Polestar makes a big deal of its sustainability attempts. That has driven a heavy inclination to recycled materials, but used in a stylish manner. Just to get you used to the terminology, there’s Bio-attributed MicroTech fabric, welfare-secured wool, recycled PET and Econyl (the nylon-esque stuff made from old recycled plastic bottles), repurposed aluminium and again, ‘welfare-secured’ Nappa leather from Bridge of Weir.
Whether all this needs to be labelled self-righteously in various places around the cabin is another matter.
Anyway, the most environmentally costly part of manufacture isn't the trim materials but the CO2 in minerals and metals sourcing, and this is falling. The cradle-to-gate (manufacturing) carbon debt of the Polestar 3 is actually smaller than the Polestar 2 when that was first launched.
How about that controversial interface?
A 14.5in portrait display in the centre console that dominates, with a little driver’s display in front, plus an optional head-up display. The big screen feels slightly out of place; something a little less ‘stuck on’ would be nicer, but you can see why it’s needed.
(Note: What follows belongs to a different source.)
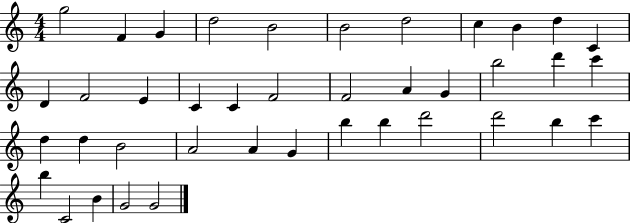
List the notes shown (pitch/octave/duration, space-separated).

G5/h F4/q G4/q D5/h B4/h B4/h D5/h C5/q B4/q D5/q C4/q D4/q F4/h E4/q C4/q C4/q F4/h F4/h A4/q G4/q B5/h D6/q C6/q D5/q D5/q B4/h A4/h A4/q G4/q B5/q B5/q D6/h D6/h B5/q C6/q B5/q C4/h B4/q G4/h G4/h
Android Automotive OS is underlying the operating system, so there’s Google baked in, with all the functionality that brings, and yes, there’s Apple CarPlay. It’s also pretty well connected, running Qualcomm Technologies Snapdragon as a base, so the graphics are crisp and well-rendered. There’s the usual over-the-air updates too, so the P3 should stay up to date.
The issue comes with a lack of physical buttons and poor screen configurability. The big screen is zoned so that certain functions are always in the same place - climate at the bottom, moveable widgets at the top - and you can split the top of the screen according to preference.
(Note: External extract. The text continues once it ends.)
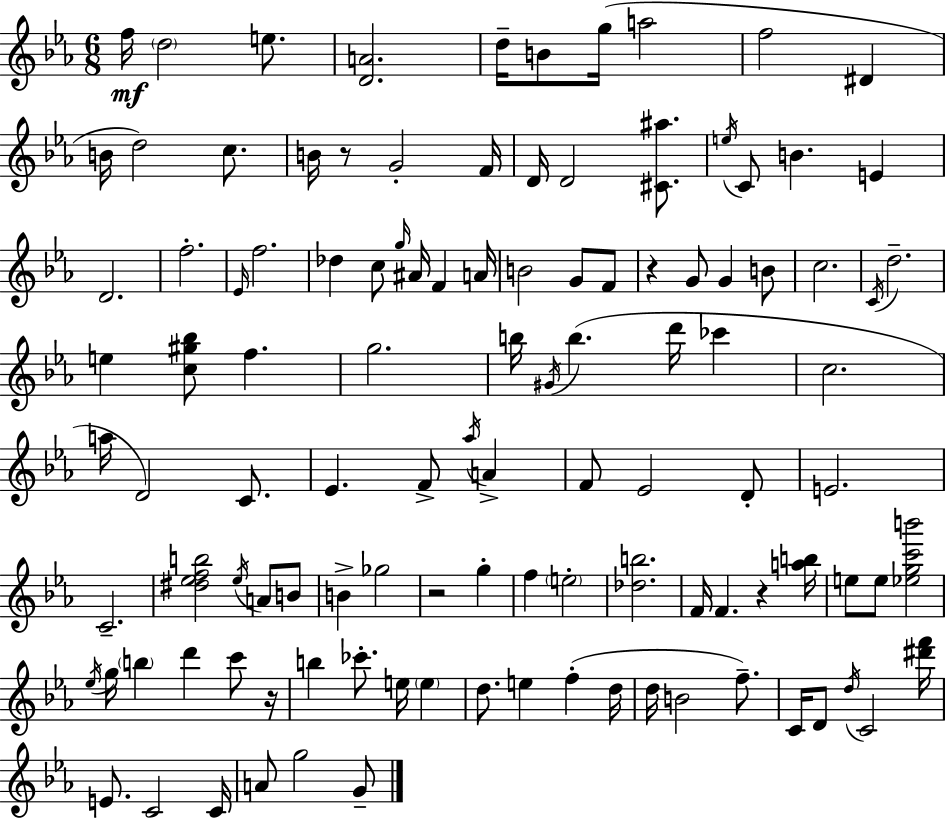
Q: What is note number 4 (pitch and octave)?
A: D5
But other controls move about confusingly: there's a bar on the screen that's a conveyor of icons for the functions you most recently used. So any given one will change position, and disappear altogether after a time. Which means a lengthy glance off the road as you try to figure it out. Aaargh.
In any case many drive configuration functions and driver-assist systems are buried deep in menus. Hit the little 'car' icon, then a tab, then a drop-down, then the switch you wanted. It can be maddening and feels perilous while you're also trying to, y'know, drive an actual car.
Bottom line, the screen is big but there's far too little scope to let you use its area to set up shortcuts you might want. Interesting to see that the cheaper Polestar 4 – which has a wholly different platform – is much better in this respect.
Is it practical?
Very. The packaging takes full advantage of the electric-only platform. The long wheelbase allows for a big shallow battery, giving heaps of rear legroom, and the floor isn't too high, so rear passengers can tuck their feet under the front seats.
It’s a genuinely nice place to be, front or back. Plus there’s loads of places to charge phones and store stuff, and a big dual-level centre console.
Shout out to the Bowers & Wilkins stereo by the way. It’s standard on the first cars, an option on the later ones, but 25-speaker’s-worth of Dolby Atmos goodness. If you like your tunes, you’ll want to option it.
There’s a 484-litre boot, with a useful under-floor bin. It swells to 1,411-litres if you drop the seats, which is fine if not cavernous. There’s also a useful 32-litre frunk.
Oh, and it’ll tow; 750kg unbraked, 2,200kg braked. A switch in the boot deploys an optional electric towbar; another lowers then raises the air suspension to couple the ball hitch.